2013年11月29日,连续奔波3个月未能获得强力支持后,在12月有10亿元贷款到期之前,山西联盛集团(下称“联盛”)董事局主席邢利斌申请破产重整,获得吕梁市柳林县人民法院的受理。
破产重整,能让欠债320亿元的联盛获得司法保护时间,其间所有债务停息止付,资产获得保全,法院不能执行拍卖,债权人不得哄抢。但这段时间最长不超过9个月。最后时限前,联盛必须重新启动生产,并在约定期限内清偿债务。
但如今已逾期近一个月,联盛重整仍未成功。山西一煤炭企业负责人对《第一财经日报》记者表示,因为上半年吕梁当地多名官员被抓,原本想参与联盛重整的多家民营企业联合体也牵涉进了吕梁的反腐风暴中,现在山西反腐形势比较严峻,所以地方政府的精力没办法放在联盛重整这件事情上,估计短期内难有动作。

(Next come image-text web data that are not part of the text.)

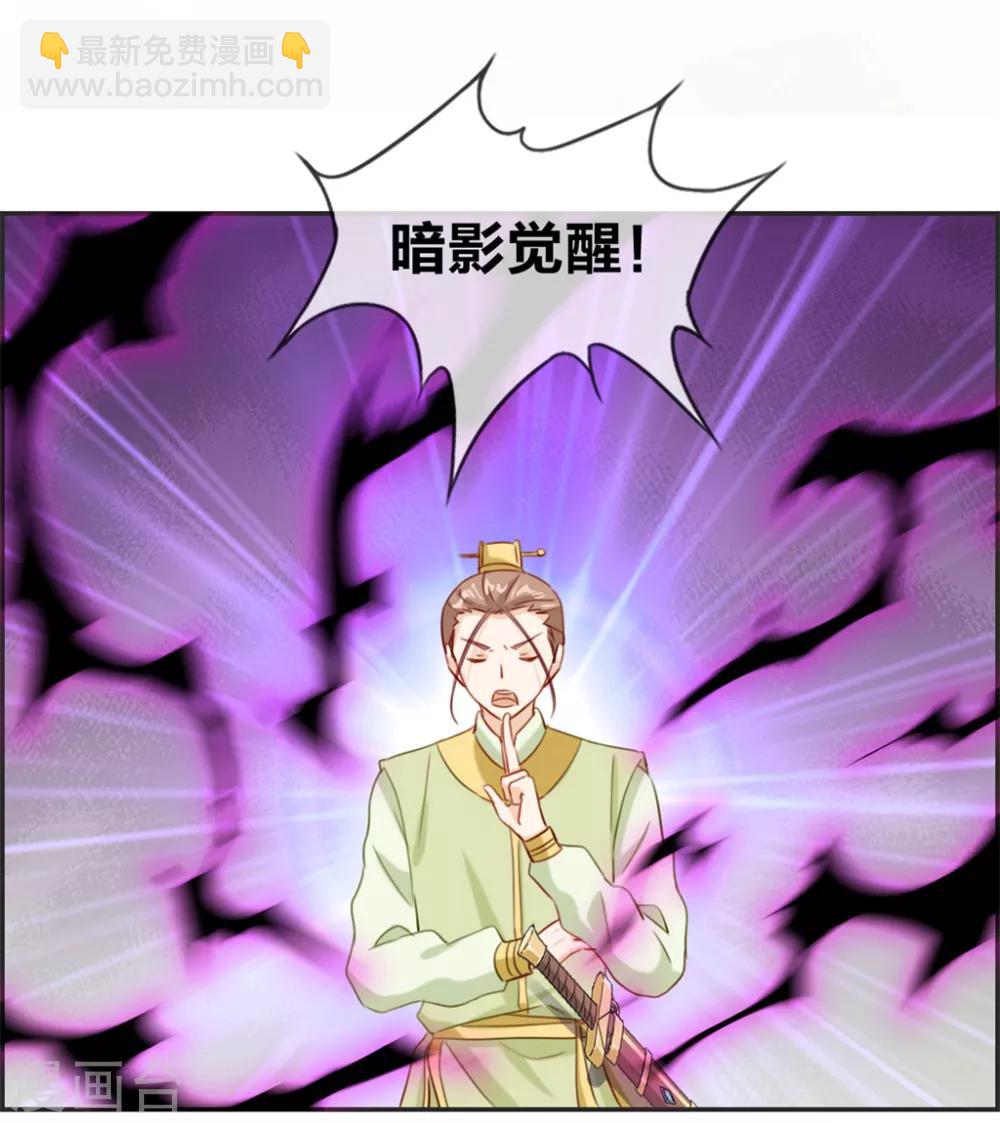 🍲最强纨绔系统 第14话 兽潮 第29页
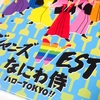 過去を吹き飛ばすサムライの太刀―『なにわ侍ハローTOKYO!!』感想―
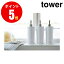 【2930】 ツーウェイディスペンサー [tower／タワー] ラウンド コンディショナー ホワイト Tower Conditioner Dispenser WH サニタリー [YAMAZAKI] 【山崎 実業 タワー シリーズ 】【山崎実業全品ポイント5倍】 4903208029308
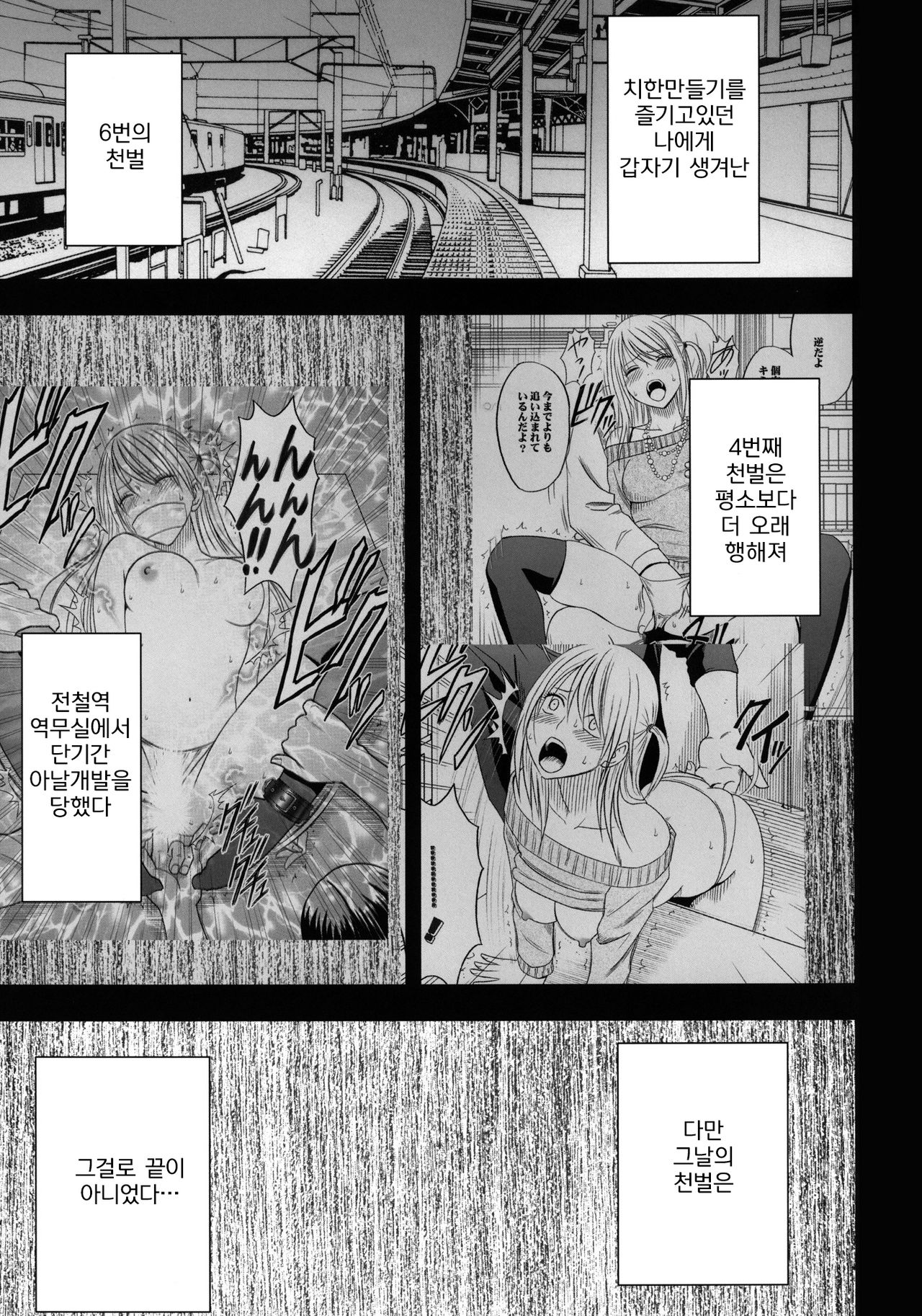 virgin train 2 Shōakuma seisai 2 page 2 full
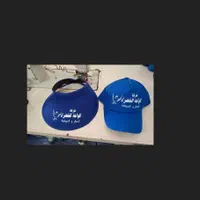 دوخت انواع کلاه لبه دار تبلیغاتی لباس + چاپ گلدوزی|عمده‌فروشی|مشهد, احمدآباد|دیوار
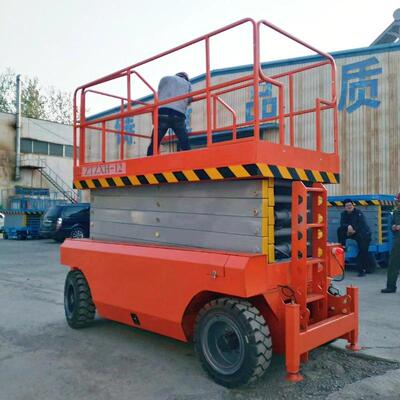 越野自剪业叉式升降XZI8电动小型升降平台高空作车行米剪叉升降机
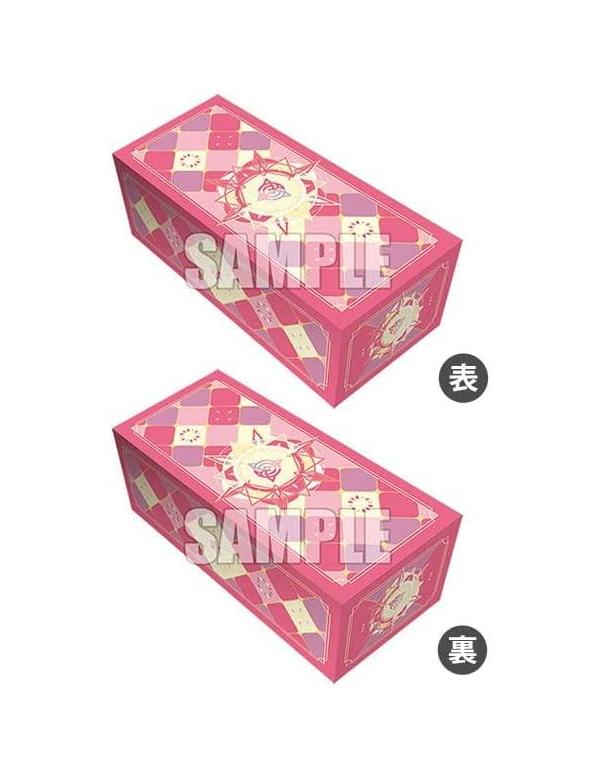 Bushiroad Storage Box Collection V2 Vol.195 - Lyrical Monasterio - Good Games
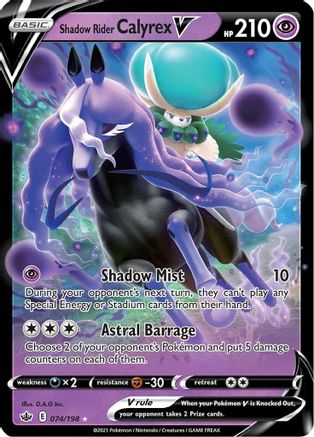SWSH06 Chilling Reign  074/198 Shadow Rider Calyrex V  - Holofoil - Ultra Rare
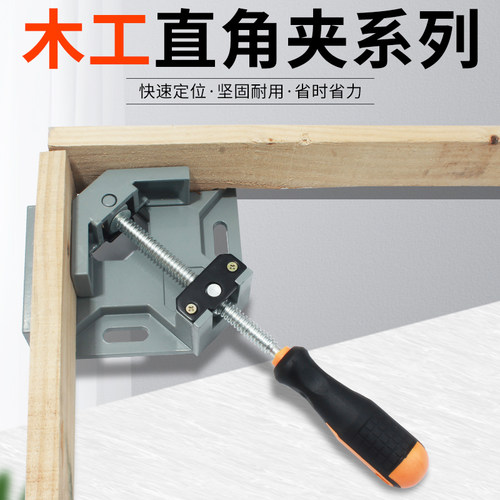 90度直角夹木工夹子相框拼接钢管固定夹焊接快速夹具夹紧器粘鱼缸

在此背景下,本报记者从多名知情人士处获悉,包括宝钢和中煤在内有意“抄底”的央企,还在和联盛进行旷日持久的谈判。
为何重整逾期
9月底,联盛的一名高层在和本报记者聊起公司最近的状况时,异常兴奋地说道,最近焦炭价格不错,公司总算有了几笔收入。
但当本报记者问到重整期已过,为何仍无结果时,该高管的脸色一变,许久才吐出一句:“谁知道呢,走一步算一步吧。”
随后,本报记者在联盛总部见到了另外一名相熟的公司核心高层。不过一年时间,这名高层头发全白,人也瘦了许多。在提及重整时,他连连摆手,称自己不知道也不想知道。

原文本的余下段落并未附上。